● **WORK ORDER**
Would you transcribe the records below from the line with "CoLaz Advanced Aesthetics" to the line with "CYP27A1 Antibody in Western Blot (WB)", ends included, exactly and with nothing more, leaving the pictures out?

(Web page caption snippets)
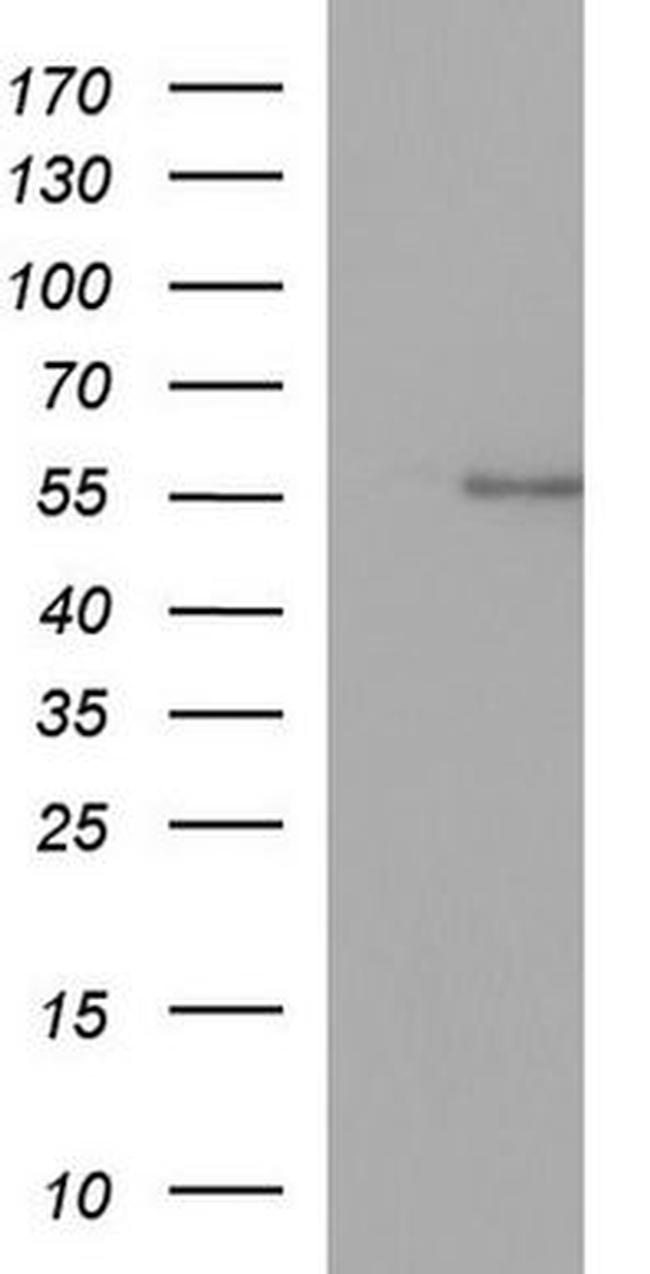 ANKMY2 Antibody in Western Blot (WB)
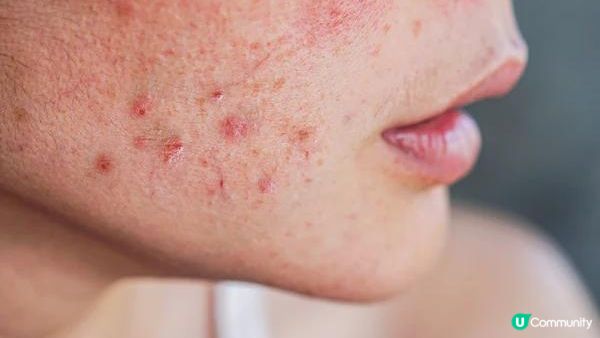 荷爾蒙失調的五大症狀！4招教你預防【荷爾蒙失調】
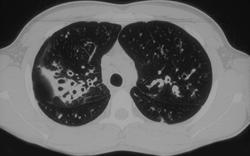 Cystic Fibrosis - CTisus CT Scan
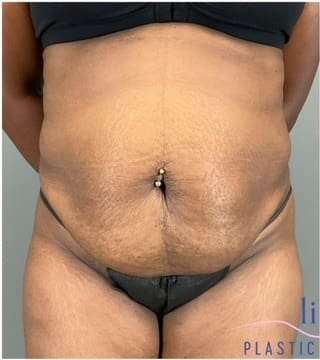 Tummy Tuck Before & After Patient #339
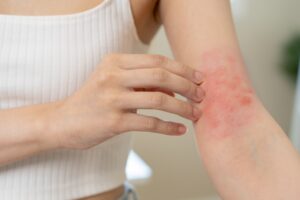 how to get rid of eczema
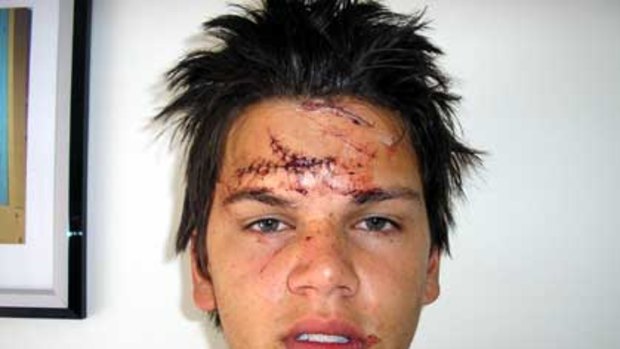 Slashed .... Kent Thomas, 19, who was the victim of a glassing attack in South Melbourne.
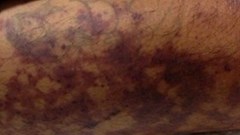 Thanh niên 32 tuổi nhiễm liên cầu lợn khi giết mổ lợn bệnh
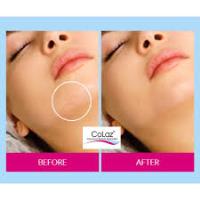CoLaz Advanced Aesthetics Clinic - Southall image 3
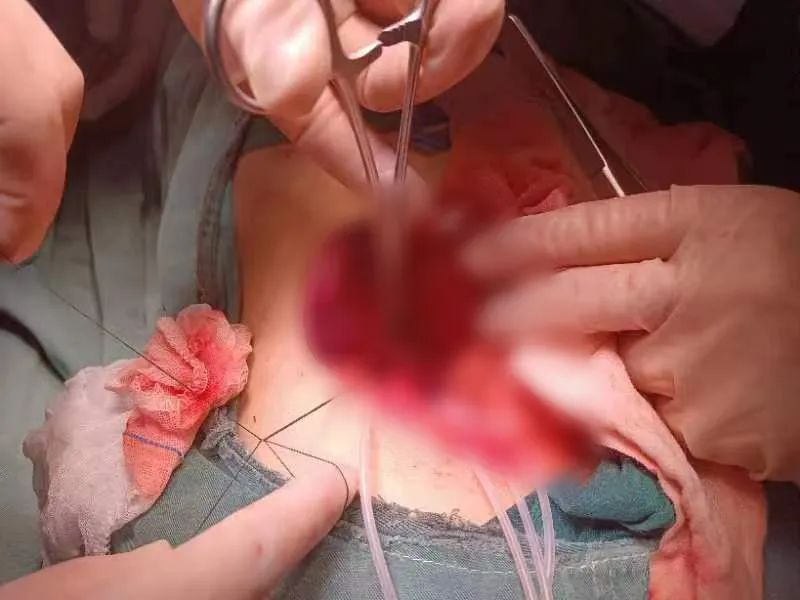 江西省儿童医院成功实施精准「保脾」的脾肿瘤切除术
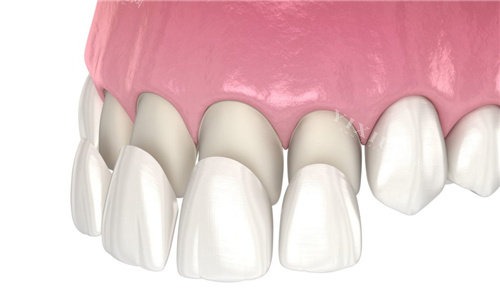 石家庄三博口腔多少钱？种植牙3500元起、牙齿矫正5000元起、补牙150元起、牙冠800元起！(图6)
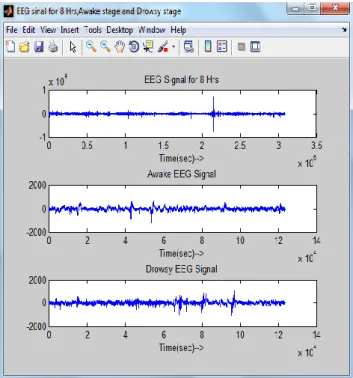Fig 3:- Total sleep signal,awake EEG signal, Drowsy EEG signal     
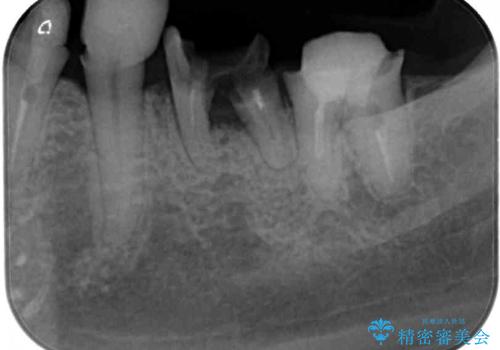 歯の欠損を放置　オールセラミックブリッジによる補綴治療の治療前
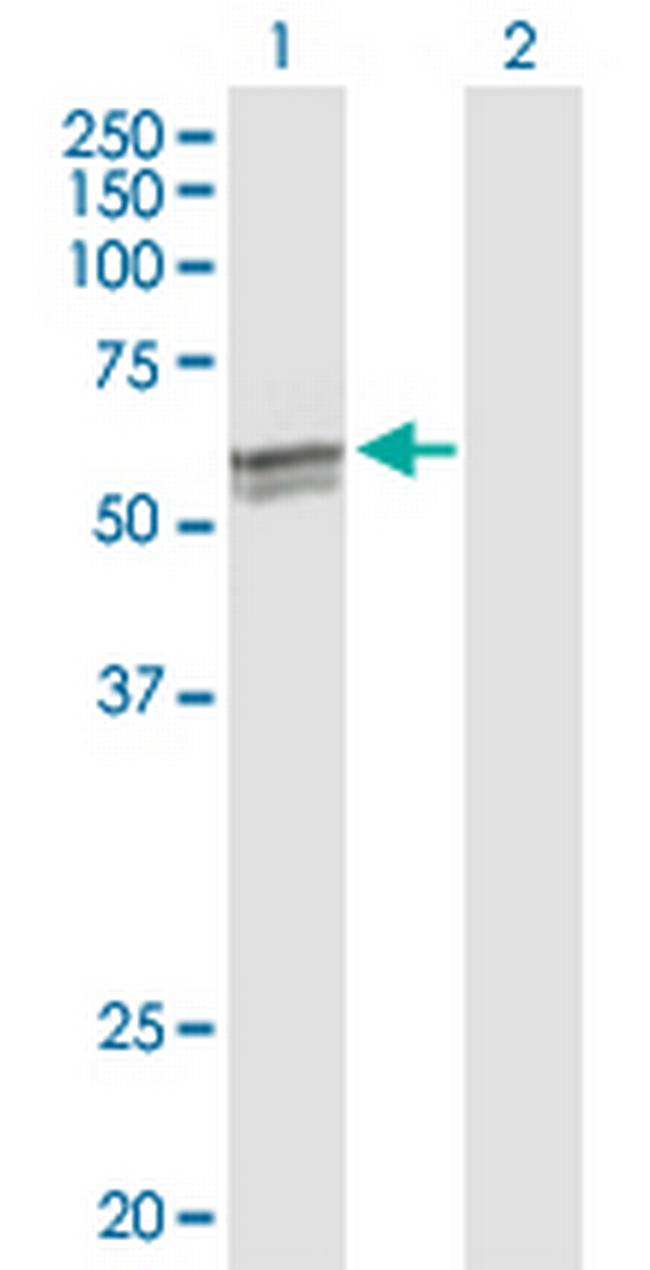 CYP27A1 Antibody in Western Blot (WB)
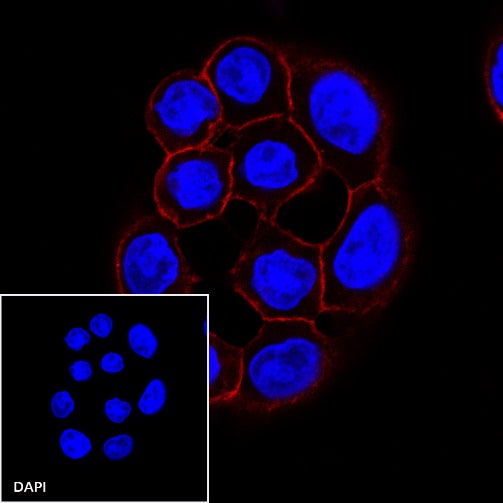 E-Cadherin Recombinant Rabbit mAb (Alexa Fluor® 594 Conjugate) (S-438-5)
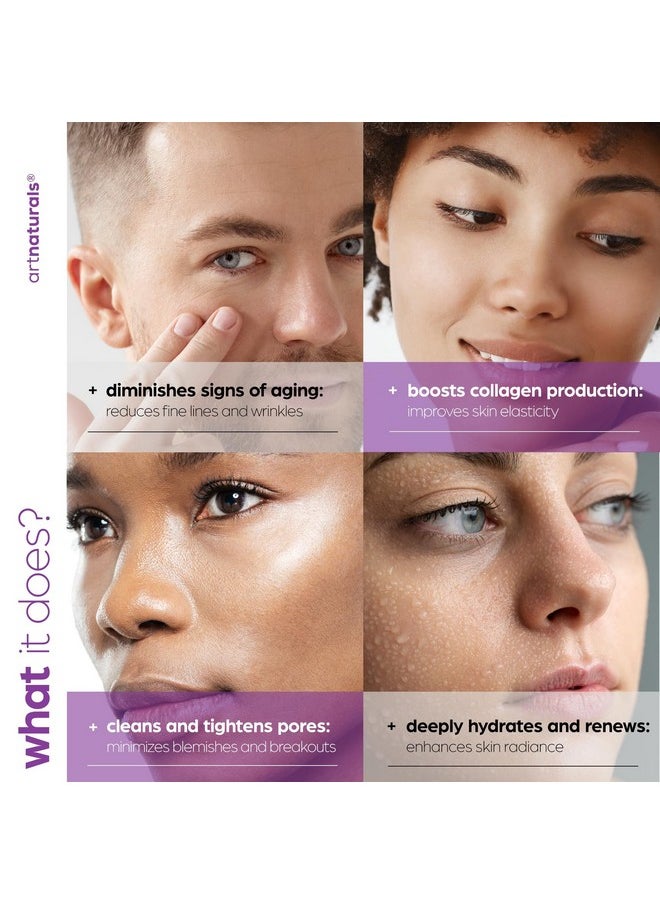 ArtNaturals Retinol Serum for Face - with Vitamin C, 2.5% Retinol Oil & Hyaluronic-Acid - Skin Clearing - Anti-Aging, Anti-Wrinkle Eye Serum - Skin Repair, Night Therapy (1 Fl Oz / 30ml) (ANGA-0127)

● **REPLY TO THE TASK**
CoLaz Advanced Aesthetics Clinic - Southall image 3
 江西省儿童医院成功实施精准「保脾」的脾肿瘤切除术
 石家庄三博口腔多少钱？种植牙3500元起、牙齿矫正5000元起、补牙150元起、牙冠800元起！(图6)
Fig 3:- Total sleep signal,awake EEG signal, Drowsy EEG signal     
 歯の欠損を放置　オールセラミックブリッジによる補綴治療の治療前
 CYP27A1 Antibody in Western Blot (WB)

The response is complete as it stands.